AIM OF THE EXERCISE — Determine how many lines in the entries below contain "para", and output only that number.

:: EXERCISE INPUT ::

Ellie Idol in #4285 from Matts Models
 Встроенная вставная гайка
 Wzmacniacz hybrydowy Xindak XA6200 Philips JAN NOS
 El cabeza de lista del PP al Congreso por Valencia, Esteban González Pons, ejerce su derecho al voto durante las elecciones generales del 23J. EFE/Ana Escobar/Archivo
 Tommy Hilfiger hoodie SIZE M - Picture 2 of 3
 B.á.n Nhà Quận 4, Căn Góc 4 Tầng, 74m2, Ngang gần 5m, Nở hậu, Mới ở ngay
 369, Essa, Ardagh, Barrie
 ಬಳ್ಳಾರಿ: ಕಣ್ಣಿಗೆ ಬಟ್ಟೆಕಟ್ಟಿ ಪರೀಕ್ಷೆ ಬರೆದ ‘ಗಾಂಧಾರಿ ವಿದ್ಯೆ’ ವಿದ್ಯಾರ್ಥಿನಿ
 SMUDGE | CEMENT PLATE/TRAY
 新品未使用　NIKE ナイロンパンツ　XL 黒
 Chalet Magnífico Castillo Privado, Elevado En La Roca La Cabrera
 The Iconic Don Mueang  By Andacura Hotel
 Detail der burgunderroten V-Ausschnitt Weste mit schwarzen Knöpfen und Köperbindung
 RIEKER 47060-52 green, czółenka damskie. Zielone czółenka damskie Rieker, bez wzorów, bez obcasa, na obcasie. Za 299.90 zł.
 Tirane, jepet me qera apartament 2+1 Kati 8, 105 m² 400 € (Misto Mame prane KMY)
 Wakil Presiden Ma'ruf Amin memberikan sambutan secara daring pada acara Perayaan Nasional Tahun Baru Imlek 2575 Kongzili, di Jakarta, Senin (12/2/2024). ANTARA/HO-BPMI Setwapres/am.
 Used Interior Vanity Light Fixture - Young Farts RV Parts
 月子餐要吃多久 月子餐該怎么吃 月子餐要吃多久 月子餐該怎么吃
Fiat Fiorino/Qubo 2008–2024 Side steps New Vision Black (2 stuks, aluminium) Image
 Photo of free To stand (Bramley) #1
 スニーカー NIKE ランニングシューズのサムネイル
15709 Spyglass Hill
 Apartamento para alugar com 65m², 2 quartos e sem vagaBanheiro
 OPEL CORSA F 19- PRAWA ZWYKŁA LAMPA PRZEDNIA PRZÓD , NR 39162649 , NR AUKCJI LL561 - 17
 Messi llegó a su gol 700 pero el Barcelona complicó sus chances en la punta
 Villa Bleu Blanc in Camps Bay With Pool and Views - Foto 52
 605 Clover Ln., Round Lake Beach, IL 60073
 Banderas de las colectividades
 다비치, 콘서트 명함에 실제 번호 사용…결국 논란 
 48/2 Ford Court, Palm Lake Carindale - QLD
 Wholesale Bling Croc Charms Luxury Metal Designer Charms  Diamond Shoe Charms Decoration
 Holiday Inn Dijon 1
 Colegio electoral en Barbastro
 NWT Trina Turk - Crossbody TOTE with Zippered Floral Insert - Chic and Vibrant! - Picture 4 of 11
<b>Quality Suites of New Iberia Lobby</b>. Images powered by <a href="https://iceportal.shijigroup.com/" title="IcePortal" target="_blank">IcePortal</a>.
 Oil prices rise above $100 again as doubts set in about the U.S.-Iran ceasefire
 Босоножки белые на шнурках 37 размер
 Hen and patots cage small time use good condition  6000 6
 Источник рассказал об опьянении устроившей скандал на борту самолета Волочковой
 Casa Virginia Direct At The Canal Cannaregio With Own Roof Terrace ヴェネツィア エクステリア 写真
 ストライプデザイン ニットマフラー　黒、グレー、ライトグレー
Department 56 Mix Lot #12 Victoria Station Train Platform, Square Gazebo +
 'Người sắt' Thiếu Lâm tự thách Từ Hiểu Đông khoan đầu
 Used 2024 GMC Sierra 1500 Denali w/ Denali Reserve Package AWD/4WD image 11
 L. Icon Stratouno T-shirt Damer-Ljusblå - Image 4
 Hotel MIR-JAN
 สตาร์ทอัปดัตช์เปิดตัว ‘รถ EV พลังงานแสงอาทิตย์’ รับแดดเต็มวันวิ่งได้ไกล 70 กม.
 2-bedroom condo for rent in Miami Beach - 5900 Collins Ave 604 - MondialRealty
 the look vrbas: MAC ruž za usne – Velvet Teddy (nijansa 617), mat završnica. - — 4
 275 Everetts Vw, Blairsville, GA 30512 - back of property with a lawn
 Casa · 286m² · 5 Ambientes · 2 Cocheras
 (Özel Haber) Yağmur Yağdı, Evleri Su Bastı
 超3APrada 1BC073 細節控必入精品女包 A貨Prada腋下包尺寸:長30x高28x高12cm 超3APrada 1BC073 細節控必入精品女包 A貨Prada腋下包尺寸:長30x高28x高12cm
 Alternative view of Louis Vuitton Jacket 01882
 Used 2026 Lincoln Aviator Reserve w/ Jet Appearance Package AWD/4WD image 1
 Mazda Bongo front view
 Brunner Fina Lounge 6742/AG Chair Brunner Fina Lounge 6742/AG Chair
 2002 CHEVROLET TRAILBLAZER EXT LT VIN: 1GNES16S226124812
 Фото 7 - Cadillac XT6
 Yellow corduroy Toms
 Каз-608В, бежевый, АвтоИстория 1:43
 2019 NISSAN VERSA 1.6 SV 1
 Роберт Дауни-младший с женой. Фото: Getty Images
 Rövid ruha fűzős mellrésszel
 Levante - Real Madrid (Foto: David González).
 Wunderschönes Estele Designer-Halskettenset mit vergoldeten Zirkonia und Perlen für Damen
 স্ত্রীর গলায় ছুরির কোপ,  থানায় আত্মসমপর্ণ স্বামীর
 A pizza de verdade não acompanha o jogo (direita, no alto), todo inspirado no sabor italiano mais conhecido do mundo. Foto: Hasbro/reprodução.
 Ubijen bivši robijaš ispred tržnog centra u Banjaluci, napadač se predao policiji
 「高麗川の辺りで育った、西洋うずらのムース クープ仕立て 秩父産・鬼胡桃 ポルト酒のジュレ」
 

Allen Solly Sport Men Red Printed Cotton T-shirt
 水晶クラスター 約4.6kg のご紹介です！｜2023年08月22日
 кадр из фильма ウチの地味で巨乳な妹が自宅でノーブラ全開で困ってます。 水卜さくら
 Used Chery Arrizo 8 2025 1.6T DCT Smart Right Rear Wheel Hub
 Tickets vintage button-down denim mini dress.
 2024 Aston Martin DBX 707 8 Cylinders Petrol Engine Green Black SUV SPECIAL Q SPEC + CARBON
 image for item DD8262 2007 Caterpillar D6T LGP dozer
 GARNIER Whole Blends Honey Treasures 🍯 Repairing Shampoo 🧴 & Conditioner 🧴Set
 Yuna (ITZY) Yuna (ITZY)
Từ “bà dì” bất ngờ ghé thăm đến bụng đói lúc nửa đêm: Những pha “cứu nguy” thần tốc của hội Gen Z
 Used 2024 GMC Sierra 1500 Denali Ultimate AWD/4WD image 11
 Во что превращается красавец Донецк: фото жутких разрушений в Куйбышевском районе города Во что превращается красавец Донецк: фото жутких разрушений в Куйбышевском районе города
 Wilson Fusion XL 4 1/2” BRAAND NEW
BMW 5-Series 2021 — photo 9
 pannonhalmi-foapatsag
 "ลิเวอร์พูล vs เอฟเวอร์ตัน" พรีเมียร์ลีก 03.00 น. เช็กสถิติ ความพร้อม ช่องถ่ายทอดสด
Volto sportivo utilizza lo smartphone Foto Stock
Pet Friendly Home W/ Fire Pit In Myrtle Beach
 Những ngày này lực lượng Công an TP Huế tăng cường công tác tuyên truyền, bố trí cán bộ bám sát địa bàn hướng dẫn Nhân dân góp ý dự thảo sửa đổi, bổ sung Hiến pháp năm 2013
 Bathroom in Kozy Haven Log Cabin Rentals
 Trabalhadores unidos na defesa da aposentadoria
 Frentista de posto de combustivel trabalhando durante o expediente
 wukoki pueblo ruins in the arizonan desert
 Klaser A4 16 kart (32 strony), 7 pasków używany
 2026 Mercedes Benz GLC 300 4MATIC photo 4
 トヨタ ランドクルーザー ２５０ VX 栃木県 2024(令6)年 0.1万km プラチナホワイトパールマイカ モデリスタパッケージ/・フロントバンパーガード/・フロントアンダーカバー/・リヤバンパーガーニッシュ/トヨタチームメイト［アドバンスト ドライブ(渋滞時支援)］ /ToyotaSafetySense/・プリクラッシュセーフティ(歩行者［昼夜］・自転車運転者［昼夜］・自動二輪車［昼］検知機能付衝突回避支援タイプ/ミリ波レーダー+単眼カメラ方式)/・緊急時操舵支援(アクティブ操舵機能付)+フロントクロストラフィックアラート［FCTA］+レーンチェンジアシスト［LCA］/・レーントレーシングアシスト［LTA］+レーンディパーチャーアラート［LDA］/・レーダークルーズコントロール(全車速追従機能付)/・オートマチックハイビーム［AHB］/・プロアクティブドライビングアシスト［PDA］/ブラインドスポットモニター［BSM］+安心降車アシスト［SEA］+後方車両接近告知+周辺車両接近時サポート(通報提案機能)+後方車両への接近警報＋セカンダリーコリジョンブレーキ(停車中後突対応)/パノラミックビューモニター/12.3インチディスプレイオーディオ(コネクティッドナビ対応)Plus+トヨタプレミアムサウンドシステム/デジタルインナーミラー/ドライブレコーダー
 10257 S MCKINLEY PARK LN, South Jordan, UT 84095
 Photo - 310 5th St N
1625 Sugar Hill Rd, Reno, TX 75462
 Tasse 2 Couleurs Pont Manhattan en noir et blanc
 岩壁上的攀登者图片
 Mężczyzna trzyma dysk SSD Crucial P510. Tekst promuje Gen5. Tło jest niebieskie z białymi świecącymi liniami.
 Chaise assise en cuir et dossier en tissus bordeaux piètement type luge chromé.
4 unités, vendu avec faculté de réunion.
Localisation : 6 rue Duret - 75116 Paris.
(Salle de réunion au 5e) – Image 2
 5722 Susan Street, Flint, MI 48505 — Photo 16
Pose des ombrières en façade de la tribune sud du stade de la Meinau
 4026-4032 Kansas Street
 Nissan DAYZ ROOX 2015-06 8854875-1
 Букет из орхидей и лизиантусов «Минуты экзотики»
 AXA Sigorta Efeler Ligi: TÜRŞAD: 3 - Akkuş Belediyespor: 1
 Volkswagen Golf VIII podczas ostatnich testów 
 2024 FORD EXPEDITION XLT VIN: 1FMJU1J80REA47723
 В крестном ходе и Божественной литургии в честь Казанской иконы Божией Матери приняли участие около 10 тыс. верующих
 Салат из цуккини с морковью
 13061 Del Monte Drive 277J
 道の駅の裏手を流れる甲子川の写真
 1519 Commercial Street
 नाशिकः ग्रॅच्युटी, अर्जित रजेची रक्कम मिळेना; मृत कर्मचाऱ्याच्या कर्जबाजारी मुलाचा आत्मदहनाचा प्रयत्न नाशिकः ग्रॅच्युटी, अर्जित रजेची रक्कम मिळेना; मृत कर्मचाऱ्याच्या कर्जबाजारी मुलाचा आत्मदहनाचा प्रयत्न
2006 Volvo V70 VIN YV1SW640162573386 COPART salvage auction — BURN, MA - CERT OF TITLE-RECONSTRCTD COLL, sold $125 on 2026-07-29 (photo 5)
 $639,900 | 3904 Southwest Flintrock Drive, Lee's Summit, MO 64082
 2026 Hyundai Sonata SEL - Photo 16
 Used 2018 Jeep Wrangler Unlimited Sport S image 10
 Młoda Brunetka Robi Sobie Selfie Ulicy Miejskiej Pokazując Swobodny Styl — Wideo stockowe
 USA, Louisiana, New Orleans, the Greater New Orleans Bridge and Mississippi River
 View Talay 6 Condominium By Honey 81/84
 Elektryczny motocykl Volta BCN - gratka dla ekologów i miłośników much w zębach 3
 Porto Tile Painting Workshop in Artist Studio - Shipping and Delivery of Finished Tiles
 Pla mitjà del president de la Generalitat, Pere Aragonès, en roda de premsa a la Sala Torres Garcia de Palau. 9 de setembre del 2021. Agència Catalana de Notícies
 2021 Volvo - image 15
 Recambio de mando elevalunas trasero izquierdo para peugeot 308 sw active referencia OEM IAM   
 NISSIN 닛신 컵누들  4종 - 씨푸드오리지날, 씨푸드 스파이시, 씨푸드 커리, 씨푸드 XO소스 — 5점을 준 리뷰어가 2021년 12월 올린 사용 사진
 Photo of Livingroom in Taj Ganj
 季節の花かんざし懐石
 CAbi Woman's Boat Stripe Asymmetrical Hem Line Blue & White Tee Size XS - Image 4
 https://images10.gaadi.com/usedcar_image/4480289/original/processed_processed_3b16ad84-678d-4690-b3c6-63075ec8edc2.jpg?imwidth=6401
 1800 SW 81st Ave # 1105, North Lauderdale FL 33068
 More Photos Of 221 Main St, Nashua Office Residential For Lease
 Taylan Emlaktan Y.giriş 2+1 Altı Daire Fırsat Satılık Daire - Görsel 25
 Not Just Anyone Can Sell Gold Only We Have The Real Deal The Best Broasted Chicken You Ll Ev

:::

COMPLETED EXERCISE — 2